Material provided →

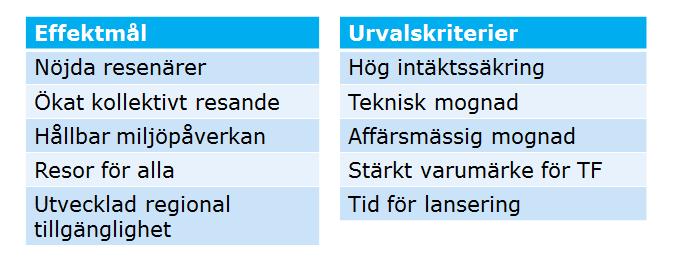 2(10) Genomfört arbete I januari 2017 beslutade trafiknämnden att trafikförvaltningen tillsammans med utvalda samarbetspartners skulle initiera eller bidra till pilot mot privat- och företagskunder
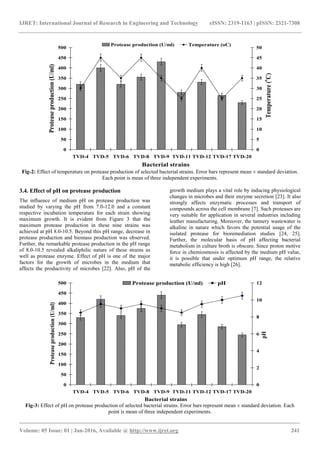 Isolation and screening of haloalkaline protease producing bacteria ...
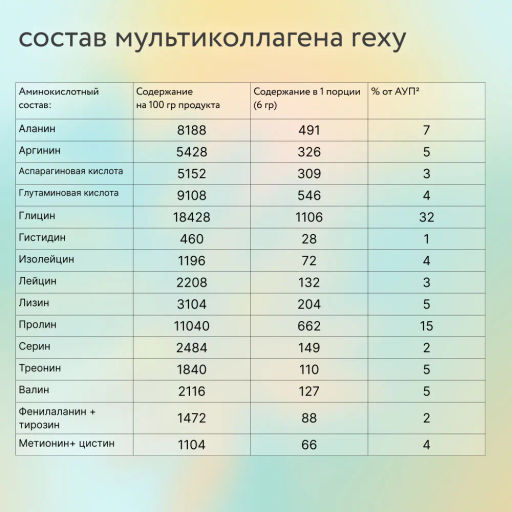 Мультиколлаген пептидный COCO JOY кокосовый Rexy 180г - Proteinrex фото 3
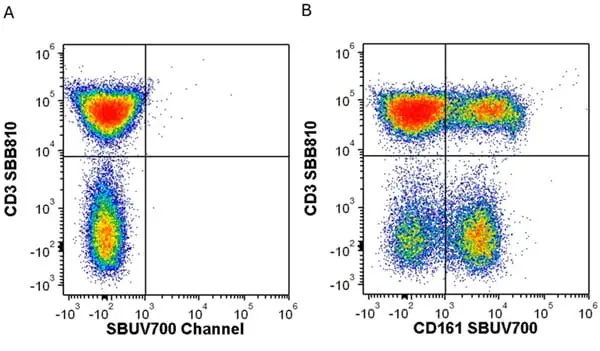Anti Human CD3 Antibody, clone UCHT1 gallery image 358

Description of the task →
Every line from the line containing "Мультиколлаген пептидный COCO" through the last line above is to be printed exactly. Pictures are not copied.

Response for this exercise →
 Мультиколлаген пептидный COCO JOY кокосовый Rexy 180г - Proteinrex фото 3
Anti Human CD3 Antibody, clone UCHT1 gallery image 358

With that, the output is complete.